My second problem right now is my existential crisis. I have no idea what I want to do with my life. I started university thinking that I wanted to do my BA, do my masters straight away, teach for a few years, do my PhD and become a university lecturer. And now? Now I couldn't think of anything worse. But the problem is, I have no idea what I want to do instead. I would still like to do my masters, and maybe even my PhD one day, but I don't think I can physically dedicate the rest of my life to academics. It scares me that for the first time in my life, I don't know what I want to do. I'm sure I'll figure it out in due time, but for now I guess I'm just going to keep working hard.

I'm trying so hard to avoid burnout because I can't stop saying yes to things. I've always believed that you should take every opportunity that comes your way, but now I'm realising that this philosophy is true... until you overload yourself with commitments and plans and don't have the time to dedicate to the things you love. I'm so busy that when I have a day to relax, I can't bring myself to do anything at all, and I've slowly stopped going on the long walks that I love, and experiencing new things, because I just don't have the capacity to do extra things on my days off.

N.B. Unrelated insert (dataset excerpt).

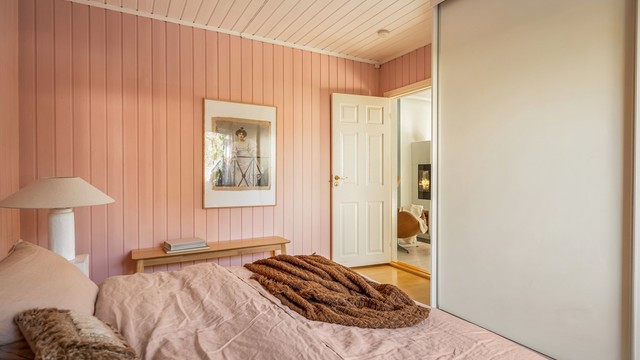 I tillegg har rommet en plassbygd skyvedørsgarderobe som gir gode oppbevaringsmuligheter.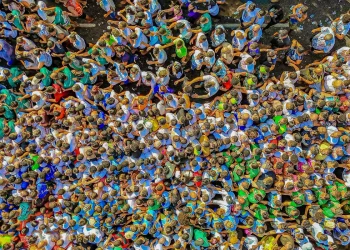 Fiéis lotam ruas de Belém para acompanhar procissão do Círio de Nazaré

I am working on my ability to say no to things because I want to have more time in my life for long walks, exciting adventures, and seeing the people who are most important to me.

I guess overall I'm just at a turning point. I need to get myself together and stop worrying about every tiny aspect of my future. I can't control some things, and I can control others, so as long as I try my best to get where I'm going, I guess I'll be okay.
I will be okay.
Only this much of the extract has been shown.